» EXERCISE REQUIREMENTS
The answer must consist solely of the lines from the one with "Personalized Ohana Accent" through the last line of the data, copied exactly, with no pictures.

» INFORMATION SHOWN
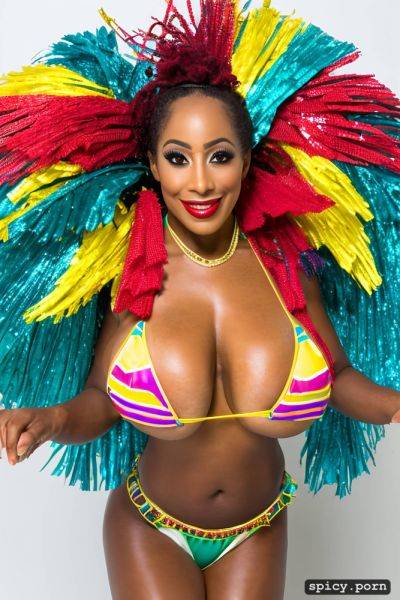 Color portrait, huge natural boobs, 29 yo beautiful performing brazilian carnival dancer - spicy.porn - Brazil on pornintellect.com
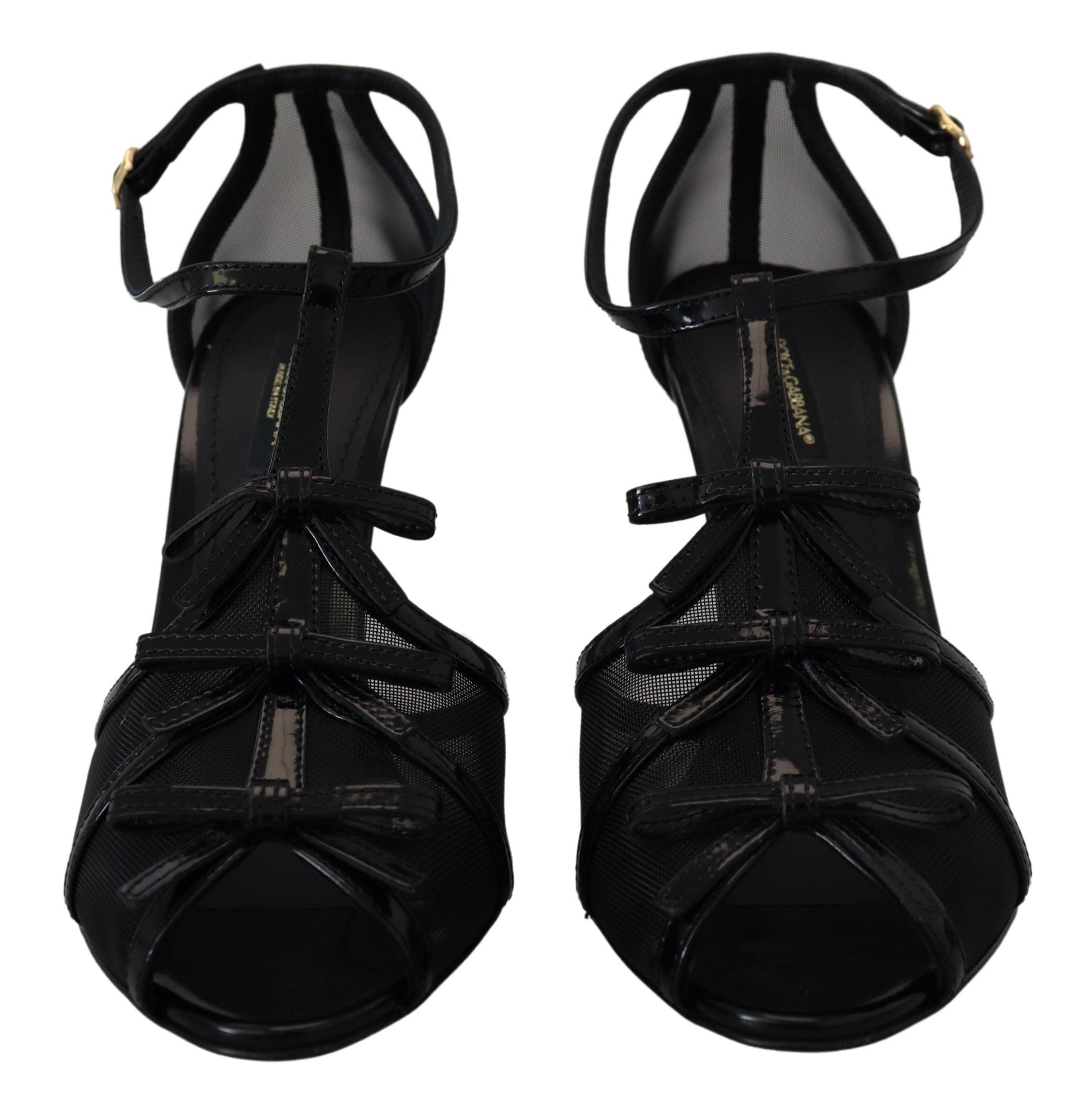 Dolce & Gabbana Black Stiletto High Heels Sandals Shoes Dolce & Gabbana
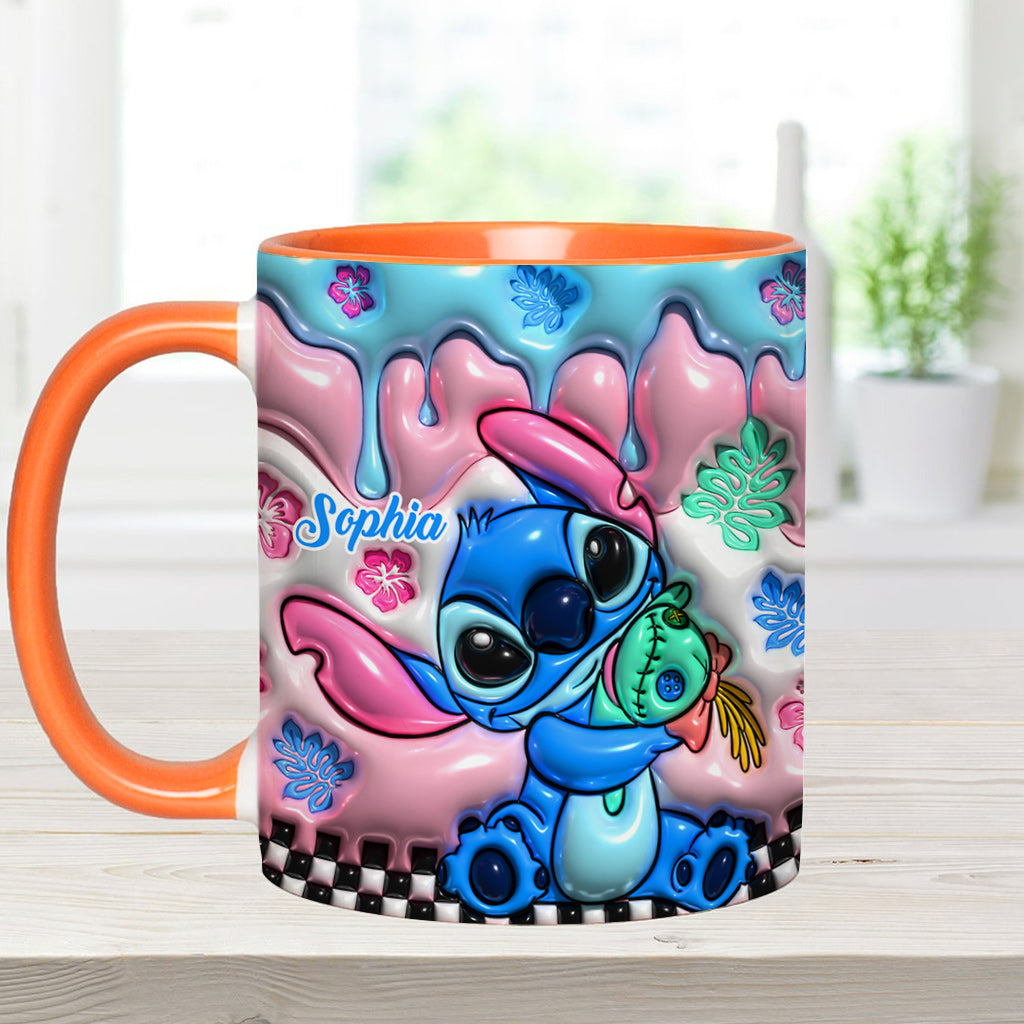 Personalized Ohana Accent Mug Custom Name Gift for Family Accent Mug GradoCreations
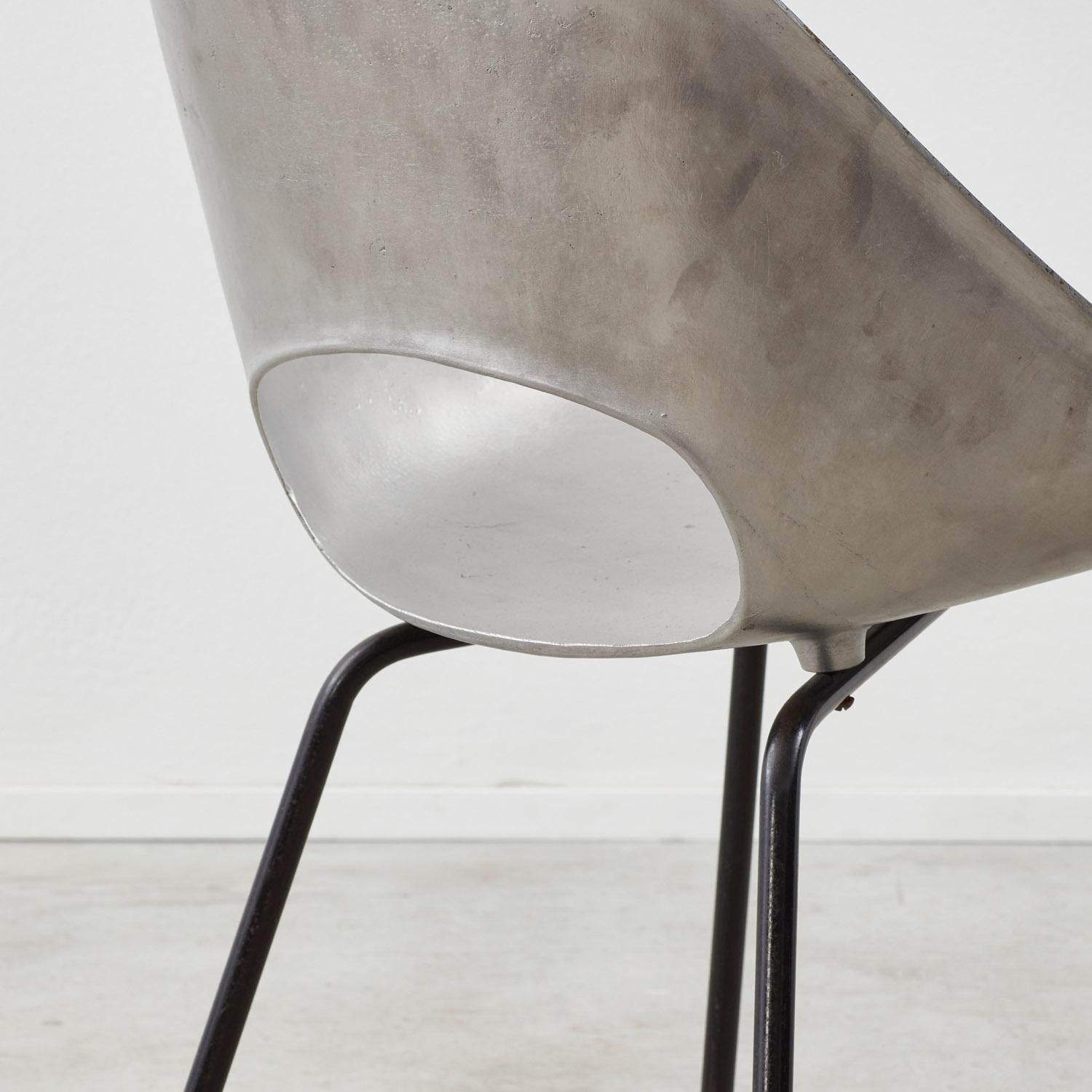 Set of four Pierre Guariche Tulip chairs for Steiner, France, 1950s 3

» TASK RESPONSE
 Personalized Ohana Accent Mug Custom Name Gift for Family Accent Mug GradoCreations
 Set of four Pierre Guariche Tulip chairs for Steiner, France, 1950s 3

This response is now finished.